KONZERTE

24. November 2019, 17 Uhr

"Franz Schubert - Winterreise - vielleicht doch ein Politkrimi?"

HANS-HENNING VATER, Violine (Konzertmeister Göttinger Barockorchester)

STEFAN ADELMANN, Kontrabass (Solo-Kontrabassist der Bamberger Symphoniker)

EILIKA (Sopran) & BERNHARD WÜNSCH (Klavier)

 

Wussten Sie, dass Franz Schubert im Gefängnis saß? Dass er von Geheimpolizisten und Spitzeln überwacht wurde? Dass er sich die Texte der Winterreise aus einer im damaligen Wien verbotenen Zeitschrift, deren Lesen bereits unter Strafe stand, besorgte? - Er schrieb in vielen Briefen von Einsamkeit und dass „er allein mit in seinem Zimmer ausharren“ musste.

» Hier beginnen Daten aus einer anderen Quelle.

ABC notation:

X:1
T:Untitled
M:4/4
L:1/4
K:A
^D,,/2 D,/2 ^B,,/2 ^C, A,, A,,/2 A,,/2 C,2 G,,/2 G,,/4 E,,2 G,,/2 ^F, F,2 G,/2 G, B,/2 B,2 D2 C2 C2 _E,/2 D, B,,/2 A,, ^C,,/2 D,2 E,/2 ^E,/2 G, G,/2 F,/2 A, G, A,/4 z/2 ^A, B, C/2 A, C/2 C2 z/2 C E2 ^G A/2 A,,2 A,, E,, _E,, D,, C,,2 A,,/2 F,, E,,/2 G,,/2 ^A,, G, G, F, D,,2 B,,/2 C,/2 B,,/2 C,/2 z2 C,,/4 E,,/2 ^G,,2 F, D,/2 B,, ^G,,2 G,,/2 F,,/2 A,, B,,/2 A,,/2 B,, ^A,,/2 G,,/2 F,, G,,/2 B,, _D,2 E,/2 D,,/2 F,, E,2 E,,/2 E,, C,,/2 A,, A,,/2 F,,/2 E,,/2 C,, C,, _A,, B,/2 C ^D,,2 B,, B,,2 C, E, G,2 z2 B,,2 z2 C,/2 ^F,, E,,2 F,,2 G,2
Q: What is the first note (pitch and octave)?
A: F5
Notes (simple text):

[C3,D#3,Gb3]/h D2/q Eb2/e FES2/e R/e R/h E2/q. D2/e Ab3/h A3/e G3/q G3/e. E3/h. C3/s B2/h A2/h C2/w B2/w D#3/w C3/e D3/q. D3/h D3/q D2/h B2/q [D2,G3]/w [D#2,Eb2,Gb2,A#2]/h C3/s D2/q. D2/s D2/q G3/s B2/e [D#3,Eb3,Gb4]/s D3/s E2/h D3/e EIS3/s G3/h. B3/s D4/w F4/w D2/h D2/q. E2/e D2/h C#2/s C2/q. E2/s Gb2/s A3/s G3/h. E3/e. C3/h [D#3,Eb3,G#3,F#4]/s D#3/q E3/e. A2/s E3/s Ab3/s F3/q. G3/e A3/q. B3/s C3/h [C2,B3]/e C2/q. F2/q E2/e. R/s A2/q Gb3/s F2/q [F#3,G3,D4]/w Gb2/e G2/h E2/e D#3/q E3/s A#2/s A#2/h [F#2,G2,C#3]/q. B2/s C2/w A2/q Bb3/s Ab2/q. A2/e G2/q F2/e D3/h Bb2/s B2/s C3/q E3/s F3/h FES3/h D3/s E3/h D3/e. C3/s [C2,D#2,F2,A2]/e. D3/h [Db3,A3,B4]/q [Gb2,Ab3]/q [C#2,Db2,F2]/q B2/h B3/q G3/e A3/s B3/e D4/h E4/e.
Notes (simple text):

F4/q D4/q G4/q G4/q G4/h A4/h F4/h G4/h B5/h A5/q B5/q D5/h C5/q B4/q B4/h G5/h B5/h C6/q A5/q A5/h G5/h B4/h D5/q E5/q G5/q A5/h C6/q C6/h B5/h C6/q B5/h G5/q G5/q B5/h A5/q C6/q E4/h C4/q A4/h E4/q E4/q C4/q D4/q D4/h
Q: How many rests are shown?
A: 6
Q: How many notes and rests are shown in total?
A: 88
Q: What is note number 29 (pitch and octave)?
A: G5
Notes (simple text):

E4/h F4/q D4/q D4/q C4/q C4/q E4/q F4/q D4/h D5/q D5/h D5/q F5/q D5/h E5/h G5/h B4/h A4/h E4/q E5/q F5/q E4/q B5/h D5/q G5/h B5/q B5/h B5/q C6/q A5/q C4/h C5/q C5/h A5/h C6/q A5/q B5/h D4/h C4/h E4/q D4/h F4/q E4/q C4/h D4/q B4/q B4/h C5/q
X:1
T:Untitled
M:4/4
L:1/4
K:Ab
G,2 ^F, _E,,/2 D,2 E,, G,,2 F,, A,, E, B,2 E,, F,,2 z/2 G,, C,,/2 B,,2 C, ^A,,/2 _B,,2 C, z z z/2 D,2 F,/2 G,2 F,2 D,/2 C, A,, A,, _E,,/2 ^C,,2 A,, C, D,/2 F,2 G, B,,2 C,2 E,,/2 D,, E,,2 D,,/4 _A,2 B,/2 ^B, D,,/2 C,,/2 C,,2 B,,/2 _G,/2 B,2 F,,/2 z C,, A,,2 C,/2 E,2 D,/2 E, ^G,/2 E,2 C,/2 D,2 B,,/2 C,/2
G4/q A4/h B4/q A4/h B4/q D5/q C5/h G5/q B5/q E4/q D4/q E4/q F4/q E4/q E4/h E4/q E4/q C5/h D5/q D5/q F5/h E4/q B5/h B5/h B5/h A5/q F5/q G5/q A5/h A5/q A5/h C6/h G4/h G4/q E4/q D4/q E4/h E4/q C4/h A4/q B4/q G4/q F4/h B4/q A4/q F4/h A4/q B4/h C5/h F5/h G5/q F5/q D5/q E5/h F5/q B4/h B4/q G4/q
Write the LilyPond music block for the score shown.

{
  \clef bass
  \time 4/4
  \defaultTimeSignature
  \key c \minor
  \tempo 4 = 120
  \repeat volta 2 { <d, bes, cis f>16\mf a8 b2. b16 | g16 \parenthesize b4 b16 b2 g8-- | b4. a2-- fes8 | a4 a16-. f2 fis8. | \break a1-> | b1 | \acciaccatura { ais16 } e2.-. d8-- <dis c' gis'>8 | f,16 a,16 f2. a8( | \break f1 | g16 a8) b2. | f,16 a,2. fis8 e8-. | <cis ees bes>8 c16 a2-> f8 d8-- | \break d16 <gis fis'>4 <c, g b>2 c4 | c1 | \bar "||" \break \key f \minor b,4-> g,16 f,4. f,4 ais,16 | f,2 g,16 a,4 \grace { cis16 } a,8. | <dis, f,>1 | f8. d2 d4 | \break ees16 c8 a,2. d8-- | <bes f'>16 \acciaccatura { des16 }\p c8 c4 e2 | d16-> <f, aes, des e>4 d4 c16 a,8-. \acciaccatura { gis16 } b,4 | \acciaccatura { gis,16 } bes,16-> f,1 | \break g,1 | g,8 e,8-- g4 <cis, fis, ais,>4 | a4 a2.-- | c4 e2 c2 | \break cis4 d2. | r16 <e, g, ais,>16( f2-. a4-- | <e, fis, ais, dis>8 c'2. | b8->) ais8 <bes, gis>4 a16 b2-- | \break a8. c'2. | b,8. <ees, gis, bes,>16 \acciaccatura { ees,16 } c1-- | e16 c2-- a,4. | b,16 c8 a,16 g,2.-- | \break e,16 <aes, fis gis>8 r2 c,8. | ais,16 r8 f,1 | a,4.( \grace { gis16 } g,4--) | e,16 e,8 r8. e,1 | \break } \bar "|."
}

Die Liedfolge der „Winterreise“ wird in dieser Interpretation mit aktuellen Texten, die sich auf Freiheit, Zensur und Überwachung beziehen sowie Ausschnitten aus Heinrich Heines „Deutschland, ein Wintermärchen“ verwoben. So entsteht ein ganz neues Bild dieses seit vielen Jahren so populären Werkes, das weit über die unglückliche Liebesgeschichte hinaus weist. Diese Rezeption ist musikgeschichtlich seit geraumer Zeit aktuell und wird mehr und mehr als die eigentliche Botschaft dieses meistgespielten Liedzyklus gesehen.

Wir besetzen in dieser Version zusätzlich eine Violine und einen Kontrabass um die gegensätzlichen Farben dieser Musik noch besser ausleuchten und hervorheben zu können. Mit dem Konzertmeister des Göttinger Barockorchesters, Hans-Henning Vater, und dem Solo-Kontrabassisten der Bamberger Symphoniker, Stefan Adelmann, haben wir exzellente und hoch erfahrene Musiker gewinnen können, deren Interpretation der Schubert'schen Musik der ihm so wichtigen politischen Tiefe seiner Werke auch gerecht werden kann.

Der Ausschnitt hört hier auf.